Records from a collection

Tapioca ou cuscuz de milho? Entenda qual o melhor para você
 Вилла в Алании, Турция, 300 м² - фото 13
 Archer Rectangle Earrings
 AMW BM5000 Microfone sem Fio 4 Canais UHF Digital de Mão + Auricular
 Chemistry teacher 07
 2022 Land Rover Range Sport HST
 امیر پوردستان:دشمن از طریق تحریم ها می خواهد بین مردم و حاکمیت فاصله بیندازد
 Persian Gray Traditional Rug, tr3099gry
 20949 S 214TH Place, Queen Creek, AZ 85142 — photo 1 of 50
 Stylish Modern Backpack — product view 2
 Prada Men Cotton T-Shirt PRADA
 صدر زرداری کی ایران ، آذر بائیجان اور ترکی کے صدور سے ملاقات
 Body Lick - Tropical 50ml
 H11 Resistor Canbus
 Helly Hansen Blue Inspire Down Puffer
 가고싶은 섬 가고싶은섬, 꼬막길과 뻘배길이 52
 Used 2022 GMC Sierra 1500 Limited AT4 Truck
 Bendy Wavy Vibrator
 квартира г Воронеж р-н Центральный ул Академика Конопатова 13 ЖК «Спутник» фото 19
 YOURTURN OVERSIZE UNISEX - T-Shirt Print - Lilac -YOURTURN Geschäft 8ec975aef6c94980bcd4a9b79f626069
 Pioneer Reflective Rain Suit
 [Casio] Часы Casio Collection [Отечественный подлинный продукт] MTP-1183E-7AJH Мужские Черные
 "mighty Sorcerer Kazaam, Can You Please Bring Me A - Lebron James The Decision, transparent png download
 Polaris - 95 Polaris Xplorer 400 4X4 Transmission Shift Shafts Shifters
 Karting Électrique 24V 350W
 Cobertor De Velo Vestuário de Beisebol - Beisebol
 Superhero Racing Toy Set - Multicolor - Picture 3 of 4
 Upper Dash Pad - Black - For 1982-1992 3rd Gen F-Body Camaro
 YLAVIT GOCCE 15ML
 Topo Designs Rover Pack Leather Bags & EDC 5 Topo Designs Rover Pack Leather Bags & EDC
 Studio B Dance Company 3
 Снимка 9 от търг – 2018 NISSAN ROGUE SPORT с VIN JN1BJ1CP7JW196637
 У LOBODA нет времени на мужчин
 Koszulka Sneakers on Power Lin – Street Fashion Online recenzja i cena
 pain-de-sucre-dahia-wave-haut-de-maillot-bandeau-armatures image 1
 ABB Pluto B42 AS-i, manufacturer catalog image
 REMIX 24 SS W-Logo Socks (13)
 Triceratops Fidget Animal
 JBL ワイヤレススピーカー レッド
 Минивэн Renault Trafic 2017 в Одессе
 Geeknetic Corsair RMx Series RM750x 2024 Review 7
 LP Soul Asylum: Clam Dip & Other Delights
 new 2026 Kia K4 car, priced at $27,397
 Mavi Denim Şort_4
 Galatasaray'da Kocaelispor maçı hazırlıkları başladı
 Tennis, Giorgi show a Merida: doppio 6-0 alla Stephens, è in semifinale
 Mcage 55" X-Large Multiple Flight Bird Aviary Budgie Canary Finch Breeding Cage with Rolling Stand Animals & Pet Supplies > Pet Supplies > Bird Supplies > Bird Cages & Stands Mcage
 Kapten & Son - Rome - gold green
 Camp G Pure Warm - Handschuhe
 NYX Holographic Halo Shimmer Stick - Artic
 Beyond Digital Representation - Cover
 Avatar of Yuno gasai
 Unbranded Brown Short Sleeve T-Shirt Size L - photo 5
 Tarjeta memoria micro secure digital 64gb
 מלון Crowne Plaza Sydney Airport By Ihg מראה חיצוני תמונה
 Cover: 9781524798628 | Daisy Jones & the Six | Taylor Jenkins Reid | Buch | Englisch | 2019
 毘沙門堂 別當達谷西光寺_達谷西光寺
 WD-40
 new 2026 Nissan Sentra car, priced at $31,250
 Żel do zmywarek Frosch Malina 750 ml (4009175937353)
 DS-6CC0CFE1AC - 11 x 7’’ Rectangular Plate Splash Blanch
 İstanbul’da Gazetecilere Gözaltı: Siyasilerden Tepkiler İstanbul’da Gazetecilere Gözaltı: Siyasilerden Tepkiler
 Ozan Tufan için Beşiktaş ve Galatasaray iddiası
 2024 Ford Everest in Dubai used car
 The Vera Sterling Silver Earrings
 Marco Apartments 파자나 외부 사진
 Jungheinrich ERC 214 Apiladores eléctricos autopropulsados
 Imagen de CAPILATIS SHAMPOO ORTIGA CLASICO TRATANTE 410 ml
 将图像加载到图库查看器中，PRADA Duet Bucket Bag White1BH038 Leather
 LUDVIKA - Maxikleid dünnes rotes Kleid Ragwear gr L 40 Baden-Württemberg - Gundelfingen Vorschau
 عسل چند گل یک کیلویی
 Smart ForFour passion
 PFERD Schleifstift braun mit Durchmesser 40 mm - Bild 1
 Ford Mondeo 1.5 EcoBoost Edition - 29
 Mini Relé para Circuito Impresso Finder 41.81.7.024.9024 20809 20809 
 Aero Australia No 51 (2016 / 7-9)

What the task requires:
Give back the records word for word. Start at the first line, end at the line containing "Stylish Modern Backpack — product view 2", and include both.

Expected output:
Tapioca ou cuscuz de milho? Entenda qual o melhor para você
 Вилла в Алании, Турция, 300 м² - фото 13
 Archer Rectangle Earrings
 AMW BM5000 Microfone sem Fio 4 Canais UHF Digital de Mão + Auricular
 Chemistry teacher 07
 2022 Land Rover Range Sport HST
 امیر پوردستان:دشمن از طریق تحریم ها می خواهد بین مردم و حاکمیت فاصله بیندازد
 Persian Gray Traditional Rug, tr3099gry
 20949 S 214TH Place, Queen Creek, AZ 85142 — photo 1 of 50
 Stylish Modern Backpack — product view 2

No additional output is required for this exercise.